2.25.2011

Perspectives on Work

As for me, I was so bored today that I took care of the last bit of time-is-NOT-of-the-essence filing that I have been saving for a rainy day, also known as a day where I could theoretically spend all of the nine hours I am here fucking off on the Internet. So now, with that reserve of work done, well, I am going to go get some paper towels and clean my desk off. And then, I guess, more Internet.

I hate fucking off on the Internet. Putting aside politics and my feelings towards my company, my boss, and our clients, it sucks doing nothing all day. When I was 22 or so I thought it was funny. But this sucks. Anybody who wishes, for whatever reason, that they had nothing to do, seriously undervalues life. And this is not some protestant work ethic bullshit either. Even laying in a field looking at the clouds is a lot more of something than what I have done today.

I don't know if anyone else has made this argument. Probably. But I will, just in case. Fucking off on the Internet, though it may cost a company some productivity, may also increase worker discipline. It almost does with me. Why? When I fuck off on the Internet, I am inevitable lead to reading about and researching stuff.

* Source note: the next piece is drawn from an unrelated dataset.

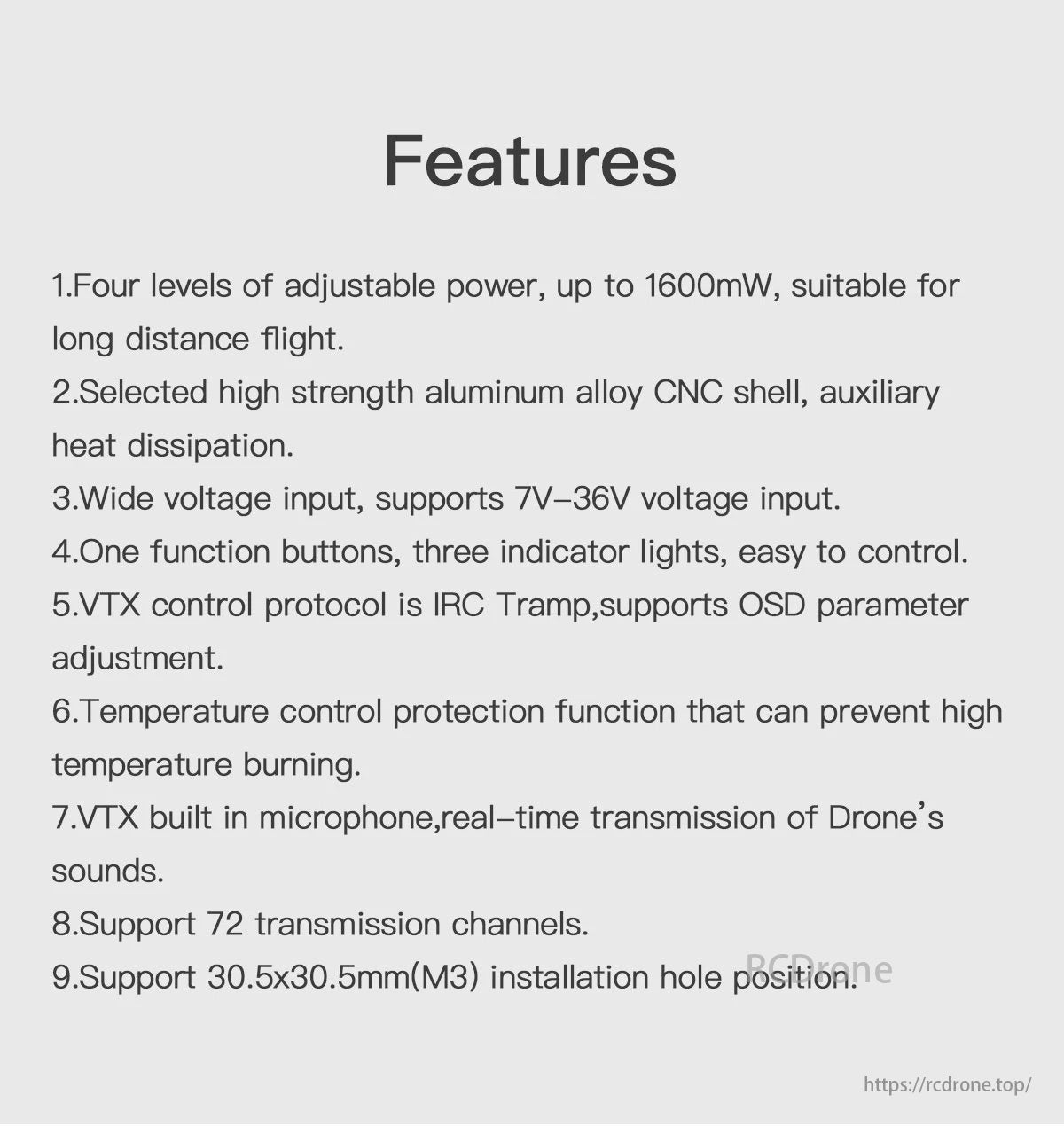 GEPRC MATEN 5.8G 1.6W VTX, A drone video transmitter with 1600mW power, aluminum body, 7-36V input, IRC Tramp protocol, temperature protection, microphone, 72 channels, and M3 mounting holes.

New synthesizers. New records. New pots and pans to replace the ones my roommates have scorched. And when I want something, I start thinking about how much it will cost to get it. I think about this in terms of paychecks, in terms of weeks. I budget, and I budget based on the amount of money I currently earn and I come to the edge of losing my sense of urgency about leaving this place, if only to ensure that I can have that thing that I want. Of course I catch myself. At least in terms of the connection between the need for stuff and the fact that I don't need to stay at this particular job in order to feed that need. As for the need itself...

I used to think, right around the time when I first ran into Marx, that there was some power that could be brought to bear via consumerism against capital. That buying smart was some kind of subversion of the wastefulness of consumer society. That buying smart on a grand scale would slowly but surely weed out the companies that poison us, the companies that compensate their workers unfairly, etc. Perhaps I could ascribe that view to the fact that, as an eighteen year old who had just moved to New York (I was back in DC six months later), I was having a hard time reconciling my politics with the vast and, honestly, exciting expanse of New York's commercial landscape. I was supporting myself for the first time and suddenly there was all of this stuff to buy, some of it necessary, even. But I lost those illusions quickly.

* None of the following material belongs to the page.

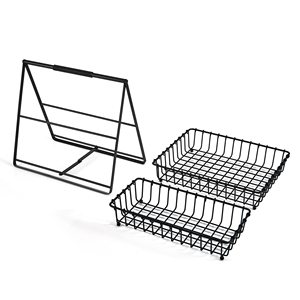 Living Roon 2 Tier Metal Foldable Classic Fruit <b>Vegetable</b> <b>Storage</b> Basket for Kitchen Organizer - Product Image 3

The ideal of the educated consumer is not an ideal subversive to capitalism, but rather its apotheosis. To be an educated consumer is to ascribe even higher value to the act of purchasing. It demands increased participation in the marketplace. While one may think that they are placing a higher burden on companies to produce products of better quality, in reality, it is the consumer that takes on the higher burden. Each purchase becomes almost an existential question. And as more people are compelled to think more about the purchases they make, those thoughts (with a little assistance from marketing and the politics of lifestyle) lead them to divergent places, allowing a more diverse marketplace of products to be supported, and therefore demanding even more research on the part of the consumer.

And yet, here I am, on the Internet, looking at saucepans.

It's obvious that the only solution is to run in the other direction on the treadmill, for that is the only way off.